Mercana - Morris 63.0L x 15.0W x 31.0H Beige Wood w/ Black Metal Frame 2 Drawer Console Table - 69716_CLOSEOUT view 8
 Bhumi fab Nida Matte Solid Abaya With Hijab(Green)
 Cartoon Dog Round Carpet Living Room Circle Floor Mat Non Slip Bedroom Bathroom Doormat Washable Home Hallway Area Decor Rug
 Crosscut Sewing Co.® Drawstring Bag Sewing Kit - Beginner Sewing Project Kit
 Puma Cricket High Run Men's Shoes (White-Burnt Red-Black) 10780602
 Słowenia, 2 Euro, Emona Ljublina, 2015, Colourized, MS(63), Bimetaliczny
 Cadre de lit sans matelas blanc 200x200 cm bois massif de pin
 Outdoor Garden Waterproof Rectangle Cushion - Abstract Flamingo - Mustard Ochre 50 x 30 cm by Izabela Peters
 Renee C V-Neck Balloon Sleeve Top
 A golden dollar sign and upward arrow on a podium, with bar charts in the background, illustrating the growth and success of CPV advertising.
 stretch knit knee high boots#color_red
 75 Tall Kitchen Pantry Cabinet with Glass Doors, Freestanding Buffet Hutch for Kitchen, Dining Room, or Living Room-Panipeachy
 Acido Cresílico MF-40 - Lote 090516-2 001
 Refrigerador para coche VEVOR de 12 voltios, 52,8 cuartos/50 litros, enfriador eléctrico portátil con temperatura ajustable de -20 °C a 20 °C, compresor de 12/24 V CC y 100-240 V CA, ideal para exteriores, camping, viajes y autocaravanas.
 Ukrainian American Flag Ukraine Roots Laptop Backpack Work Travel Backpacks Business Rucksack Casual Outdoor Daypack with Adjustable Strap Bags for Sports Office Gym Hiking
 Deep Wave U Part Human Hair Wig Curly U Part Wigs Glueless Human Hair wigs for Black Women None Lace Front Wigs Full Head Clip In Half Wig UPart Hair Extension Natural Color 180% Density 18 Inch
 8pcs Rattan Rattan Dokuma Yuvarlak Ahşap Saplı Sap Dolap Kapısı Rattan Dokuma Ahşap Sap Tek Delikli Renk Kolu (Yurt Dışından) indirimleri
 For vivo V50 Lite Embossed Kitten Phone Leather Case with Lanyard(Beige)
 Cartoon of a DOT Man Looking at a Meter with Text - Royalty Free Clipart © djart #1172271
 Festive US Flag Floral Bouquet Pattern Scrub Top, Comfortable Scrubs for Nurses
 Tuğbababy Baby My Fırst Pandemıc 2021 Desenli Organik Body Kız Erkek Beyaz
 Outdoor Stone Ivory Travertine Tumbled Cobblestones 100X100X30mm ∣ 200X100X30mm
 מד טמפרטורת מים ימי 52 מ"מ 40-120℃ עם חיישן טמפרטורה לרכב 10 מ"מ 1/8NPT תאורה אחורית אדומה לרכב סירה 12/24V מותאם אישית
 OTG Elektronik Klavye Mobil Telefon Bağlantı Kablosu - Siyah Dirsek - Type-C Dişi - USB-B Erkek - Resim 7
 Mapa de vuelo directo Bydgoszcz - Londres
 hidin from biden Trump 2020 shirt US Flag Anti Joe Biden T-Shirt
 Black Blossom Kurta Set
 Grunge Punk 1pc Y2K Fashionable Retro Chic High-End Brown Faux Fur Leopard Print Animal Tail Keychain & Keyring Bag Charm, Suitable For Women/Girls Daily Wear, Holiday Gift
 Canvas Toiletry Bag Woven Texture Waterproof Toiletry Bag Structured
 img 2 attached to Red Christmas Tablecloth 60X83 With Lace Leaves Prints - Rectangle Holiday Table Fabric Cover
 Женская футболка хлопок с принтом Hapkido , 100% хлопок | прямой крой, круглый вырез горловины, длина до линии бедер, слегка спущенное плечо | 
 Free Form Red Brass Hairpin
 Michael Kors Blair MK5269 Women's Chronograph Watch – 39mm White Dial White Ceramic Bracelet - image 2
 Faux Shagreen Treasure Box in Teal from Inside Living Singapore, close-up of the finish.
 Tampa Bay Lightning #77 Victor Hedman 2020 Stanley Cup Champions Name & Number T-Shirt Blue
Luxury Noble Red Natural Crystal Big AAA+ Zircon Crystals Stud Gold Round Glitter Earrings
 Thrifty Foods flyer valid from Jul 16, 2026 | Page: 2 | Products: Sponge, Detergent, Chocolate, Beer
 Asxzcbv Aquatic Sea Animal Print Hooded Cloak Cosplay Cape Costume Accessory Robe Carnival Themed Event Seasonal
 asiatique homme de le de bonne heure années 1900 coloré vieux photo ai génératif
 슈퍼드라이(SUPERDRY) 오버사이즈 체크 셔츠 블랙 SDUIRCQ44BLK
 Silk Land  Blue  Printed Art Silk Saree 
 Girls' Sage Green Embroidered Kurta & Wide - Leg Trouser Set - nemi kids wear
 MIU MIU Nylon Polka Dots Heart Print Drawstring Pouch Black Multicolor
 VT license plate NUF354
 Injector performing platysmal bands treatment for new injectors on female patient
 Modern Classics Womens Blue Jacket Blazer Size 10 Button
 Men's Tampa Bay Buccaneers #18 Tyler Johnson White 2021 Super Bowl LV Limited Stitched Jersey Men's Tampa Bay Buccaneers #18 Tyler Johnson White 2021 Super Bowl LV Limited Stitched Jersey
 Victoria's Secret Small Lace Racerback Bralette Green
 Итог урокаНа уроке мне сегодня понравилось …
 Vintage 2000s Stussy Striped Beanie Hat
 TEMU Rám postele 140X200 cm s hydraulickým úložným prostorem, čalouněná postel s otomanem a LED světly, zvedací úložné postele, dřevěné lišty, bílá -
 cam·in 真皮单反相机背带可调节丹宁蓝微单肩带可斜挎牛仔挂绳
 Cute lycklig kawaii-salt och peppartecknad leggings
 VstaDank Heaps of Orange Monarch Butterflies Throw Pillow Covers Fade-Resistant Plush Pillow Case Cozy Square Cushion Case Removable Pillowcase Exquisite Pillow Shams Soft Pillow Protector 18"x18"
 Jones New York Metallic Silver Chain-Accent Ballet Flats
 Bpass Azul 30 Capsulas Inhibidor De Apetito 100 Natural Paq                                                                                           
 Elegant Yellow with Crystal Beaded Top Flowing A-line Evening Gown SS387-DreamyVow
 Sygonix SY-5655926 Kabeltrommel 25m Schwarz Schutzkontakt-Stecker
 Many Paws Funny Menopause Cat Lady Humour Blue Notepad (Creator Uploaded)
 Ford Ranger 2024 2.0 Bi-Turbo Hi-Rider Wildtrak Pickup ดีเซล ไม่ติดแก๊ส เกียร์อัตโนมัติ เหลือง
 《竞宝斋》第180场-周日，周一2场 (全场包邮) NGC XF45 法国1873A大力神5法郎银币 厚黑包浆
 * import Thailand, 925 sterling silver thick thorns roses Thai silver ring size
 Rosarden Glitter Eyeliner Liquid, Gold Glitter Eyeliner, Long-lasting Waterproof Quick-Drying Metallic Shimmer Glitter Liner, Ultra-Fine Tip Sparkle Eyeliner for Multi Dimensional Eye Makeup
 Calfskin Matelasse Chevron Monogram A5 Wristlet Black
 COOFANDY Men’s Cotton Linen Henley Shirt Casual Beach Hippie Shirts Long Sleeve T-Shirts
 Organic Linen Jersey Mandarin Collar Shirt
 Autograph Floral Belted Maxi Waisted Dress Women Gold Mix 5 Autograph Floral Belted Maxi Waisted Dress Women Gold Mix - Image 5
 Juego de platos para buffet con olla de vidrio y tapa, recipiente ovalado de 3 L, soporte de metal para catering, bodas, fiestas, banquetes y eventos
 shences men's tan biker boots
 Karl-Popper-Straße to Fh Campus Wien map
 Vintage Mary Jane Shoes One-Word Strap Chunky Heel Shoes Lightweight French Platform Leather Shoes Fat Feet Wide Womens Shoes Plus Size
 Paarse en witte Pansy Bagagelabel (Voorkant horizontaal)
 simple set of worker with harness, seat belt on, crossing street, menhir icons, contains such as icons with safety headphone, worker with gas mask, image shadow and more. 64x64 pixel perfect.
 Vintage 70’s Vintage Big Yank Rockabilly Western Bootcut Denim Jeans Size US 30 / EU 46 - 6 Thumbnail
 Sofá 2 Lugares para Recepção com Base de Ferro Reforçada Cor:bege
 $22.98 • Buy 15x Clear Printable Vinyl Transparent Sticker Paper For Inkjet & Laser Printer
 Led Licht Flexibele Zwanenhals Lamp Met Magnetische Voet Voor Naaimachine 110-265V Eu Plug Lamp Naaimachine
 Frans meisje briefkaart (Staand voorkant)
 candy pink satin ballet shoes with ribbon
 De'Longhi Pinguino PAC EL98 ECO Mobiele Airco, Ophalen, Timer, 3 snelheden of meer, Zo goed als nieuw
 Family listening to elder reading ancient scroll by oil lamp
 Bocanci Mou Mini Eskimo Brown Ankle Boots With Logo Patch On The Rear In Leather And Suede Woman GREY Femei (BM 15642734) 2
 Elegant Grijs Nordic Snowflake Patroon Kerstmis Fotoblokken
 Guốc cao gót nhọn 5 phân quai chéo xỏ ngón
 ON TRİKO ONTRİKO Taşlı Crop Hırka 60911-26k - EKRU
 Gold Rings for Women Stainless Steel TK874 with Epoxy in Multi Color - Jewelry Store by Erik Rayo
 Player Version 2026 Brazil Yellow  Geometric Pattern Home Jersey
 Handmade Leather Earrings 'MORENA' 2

++++++++++

__Exercise description__: Task for the records above: copy every line in which the word "Outdoor" occurs.

__Written response__:
 Outdoor Garden Waterproof Rectangle Cushion - Abstract Flamingo - Mustard Ochre 50 x 30 cm by Izabela Peters
 Ukrainian American Flag Ukraine Roots Laptop Backpack Work Travel Backpacks Business Rucksack Casual Outdoor Daypack with Adjustable Strap Bags for Sports Office Gym Hiking
 Outdoor Stone Ivory Travertine Tumbled Cobblestones 100X100X30mm ∣ 200X100X30mm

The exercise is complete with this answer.